Mais le juge Juan Merchan ne se laisse pas intimider. Lundi, il a étendu à sa fille les mesures de protection dont bénéficien­t les employés de la cour, des témoins ainsi que des futurs jurés contre les menaces de Donald Trump. Cette obligation de silence (Gag Order) interdit au prévenu de s’en prendre à eux. Au vu des récentes attaques de l’ex-président, «chacun peut tirer la conclusion que s’il est impliqué dans ce procès, même de loin, il doit faire attention, ainsi qu’à ses proches, écrivait le juge. Cela interfère dans l’administra­tion d’une justice équitable et c’est une attaque directe contre l’Etat de droit.» «Je viens juste d’apprendre qu’un autre juge new-yorkais corrompu, Juan Merchan, m’a bâillonné pour que je ne puisse pas évoquer la corruption et les conflits d’intérêts», a réagi Donald Trump sur son réseau Truth Social.

Malgré l’injonction judiciaire, le candidat continue de diffuser des articles mettant en cause les activités de la famille de Juan Merchan. Ces accusation­s diffusées en boucle sur les réseaux sociaux pointent notamment un compte Twitter avec une photo de Donald Trump derrière les barreaux, attribué, fallacieus­ement selon la justice new-yorkaise, à la fille du juge.

Enfin, Juan Merchan a rejeté mercredi un recours des avocats de Donald Trump qui réclamaien­t de repousser le procès en attendant que le Cour suprême se prononce sur l’immunité de l’ancien président. Il a fait valoir que la défense avait eu d’autres occasions de soulever ce point et qu’il était trop tard pour le faire à moins de deux semaines du début des débats. Le candidat républicai­n multiplie les recours pour repousser ses procès au-delà du scrutin du 5 novembre, dans l’espoir qu’il soit réélu à la Maison-Blanche et puisse ensuite annuler les poursuites contre lui.

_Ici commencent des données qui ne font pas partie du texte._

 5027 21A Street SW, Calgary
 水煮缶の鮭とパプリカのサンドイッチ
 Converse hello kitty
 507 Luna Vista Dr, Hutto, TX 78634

Le nombre de menaces contre les juges fédéraux aux Etats-Unis a doublé depuis 2021

Ces manoeuvres dilatoires sont pour l’instant fructueuse­s… sauf dans l’affaire du paiement. Ce n’est pas l’affaire la plus grave qui vise Donald Trump, comparée à l’attaque du Capitole, les documents confidenti­els dissimulés à Mar-a-Lago ou les pressions pour changer le résultat du vote dans l’Etat crucial de Géorgie en 2020. C’est toutefois la première fois qu’un ancien président subira un procès pénal. Le prévenu risque la prison s’il est reconnu coupable par un jury populaire. Là aussi, ce serait un fait inédit pour un candidat en campagne, même s’il ferait sûrement recours pour éviter de se retrouver derrière les barreaux.